An interesting fact is that series of type (2) can be formidably used to approximate $\pi$ due to their fast convergence behaviour. With the methods the Borwein brothers used for their proof they and independently the brothers Chudnovsky discovered the identity \begin{align*} \frac{1}{\pi}=12\sum_{n=0}^\infty\frac{(-1)^n(6n)!(13591409+545140134n)}{(n!)^3(3n)!(640320^3)^{n+1/2}} \end{align*} which is even more efficient, since each term of the series provides $14$ additional digits of $\pi$.

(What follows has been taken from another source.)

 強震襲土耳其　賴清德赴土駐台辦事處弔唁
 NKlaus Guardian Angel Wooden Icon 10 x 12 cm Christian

Another astonishing series due to Ramanujan is \begin{align*} \frac{1}{\pi}=\sum_{n=0}^\infty\binom{2n}{n}^3\frac{42n+5}{2^{12n+4}} \end{align*} The denominator of the general term contains the number $16\cdot2^{12n}$. This means that one can calculate the digits in base $2$ from the $n$-th to the $2n$-th without having to calculate the first $n$ digits beforehand. This is the main theme of the third gem.

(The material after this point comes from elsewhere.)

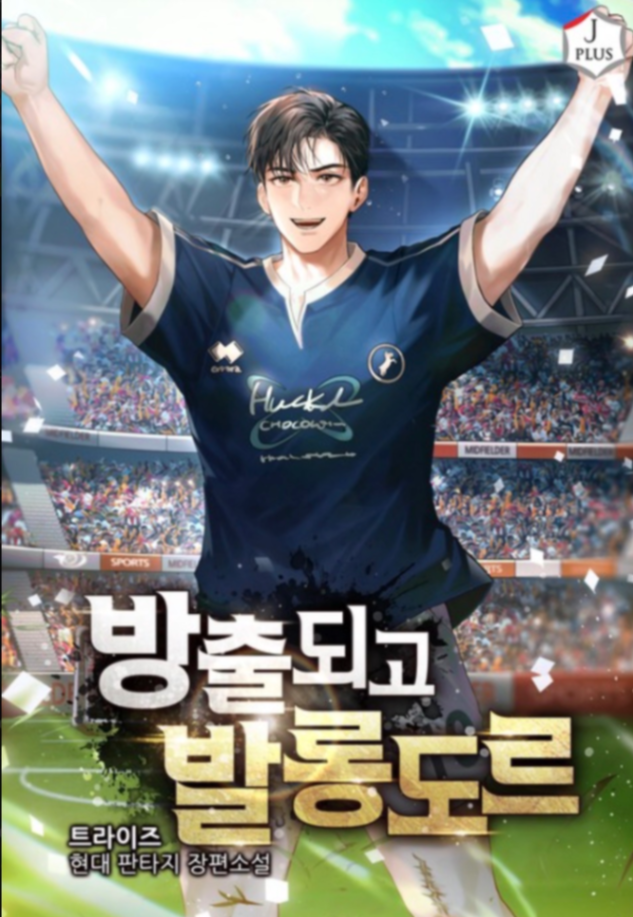 Novel cover image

The formula of Bailey, Borwein and Plouffe (1997)

\begin{align*} \pi=\sum_{n=0}^\infty\frac{1}{16^n}\left(\frac{4}{8n+1}-\frac{2}{8n+4}-\frac{1}{8n+5}-\frac{1}{8n+6}\right)\tag{3} \end{align*}

This rather simple formula was of particular interest to the three mathematicians due to the factor $\frac{1}{16^n}$ in the general term, as a factor of an arithmetically very simple function of $n$.

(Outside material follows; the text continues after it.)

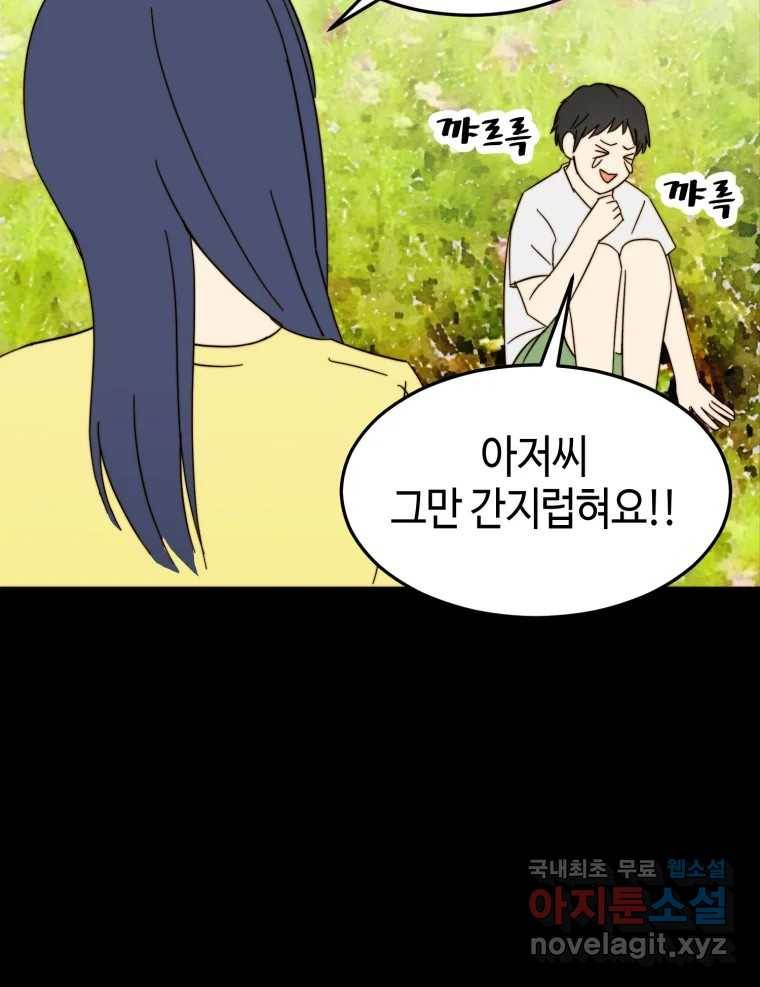 동솔동 아이들 30화 35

They were able to extract from this an algorithm (named BBP) to calculate the $d$-th digit of the expansion of $\pi$ individually in base $16$, and this even for very large $d$, without needing to know or calculate the digits preceding $d$. For example, the $10^{12}$th digit of $\pi$ in base $2$ is $1$.

The sum of the RHS of (3) is of the form \begin{align*} S=4S_1-2S_4-S_5-S6 \end{align*} with \begin{align*} S_k&=\sum_{n=0}^\infty\frac{1}{16^n(8n+k)}\\ &=(\sqrt{2})^k\sum_{n=0}^\infty\left[\frac{x^{8n+k}}{8n+k}\right]_{x=0}^{x=1/\sqrt{2}}\\ &=(\sqrt{2})^k\sum_{n=0}^\infty\int_0^{1/\sqrt{2}}x^{8n+k-1}\,dx\\ &=(\sqrt{2})^k\int_{0}^{1/\sqrt{2}}x^{k-1}\sum_{k=0}^\infty x^{8n}\,dx\\ &=(\sqrt{2})^k\int_0^{1/\sqrt{2}}\frac{x^{k-1}}{1-x^8}\,dx \end{align*} where $k=1,4,5,6$ .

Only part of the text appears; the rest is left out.